== Work request ==
From the first line of the data below, copy each line up to the one containing "Джинсы женские плиссированные", and include that line too.

== Exercise material ==
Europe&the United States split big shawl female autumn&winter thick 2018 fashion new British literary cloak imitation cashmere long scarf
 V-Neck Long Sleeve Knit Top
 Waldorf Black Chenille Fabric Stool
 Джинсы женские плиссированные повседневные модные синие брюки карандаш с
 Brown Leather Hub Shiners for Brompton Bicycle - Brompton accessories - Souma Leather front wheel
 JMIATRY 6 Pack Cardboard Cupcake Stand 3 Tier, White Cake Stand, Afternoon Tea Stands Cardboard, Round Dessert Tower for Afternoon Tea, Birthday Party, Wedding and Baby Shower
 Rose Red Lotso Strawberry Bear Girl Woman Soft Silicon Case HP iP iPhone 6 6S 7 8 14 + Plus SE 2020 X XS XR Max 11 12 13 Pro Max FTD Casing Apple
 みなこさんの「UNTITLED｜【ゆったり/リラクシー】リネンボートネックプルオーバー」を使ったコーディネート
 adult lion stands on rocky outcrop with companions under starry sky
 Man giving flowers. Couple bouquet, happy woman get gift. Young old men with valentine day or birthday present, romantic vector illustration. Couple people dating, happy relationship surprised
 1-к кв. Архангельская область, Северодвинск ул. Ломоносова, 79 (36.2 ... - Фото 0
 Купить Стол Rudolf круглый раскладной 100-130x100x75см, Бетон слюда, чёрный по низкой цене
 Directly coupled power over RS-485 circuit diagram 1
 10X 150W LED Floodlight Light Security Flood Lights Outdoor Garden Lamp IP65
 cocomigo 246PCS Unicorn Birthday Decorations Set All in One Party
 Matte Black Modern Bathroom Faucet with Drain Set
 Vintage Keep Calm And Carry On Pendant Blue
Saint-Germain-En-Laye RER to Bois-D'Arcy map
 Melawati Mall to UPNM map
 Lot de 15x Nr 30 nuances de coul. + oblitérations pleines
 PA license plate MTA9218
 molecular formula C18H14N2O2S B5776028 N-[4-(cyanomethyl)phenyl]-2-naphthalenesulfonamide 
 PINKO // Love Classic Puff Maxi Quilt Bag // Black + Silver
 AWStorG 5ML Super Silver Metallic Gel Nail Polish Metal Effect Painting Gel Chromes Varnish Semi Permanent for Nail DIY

== Task result ==
Europe&the United States split big shawl female autumn&winter thick 2018 fashion new British literary cloak imitation cashmere long scarf
 V-Neck Long Sleeve Knit Top
 Waldorf Black Chenille Fabric Stool
 Джинсы женские плиссированные повседневные модные синие брюки карандаш с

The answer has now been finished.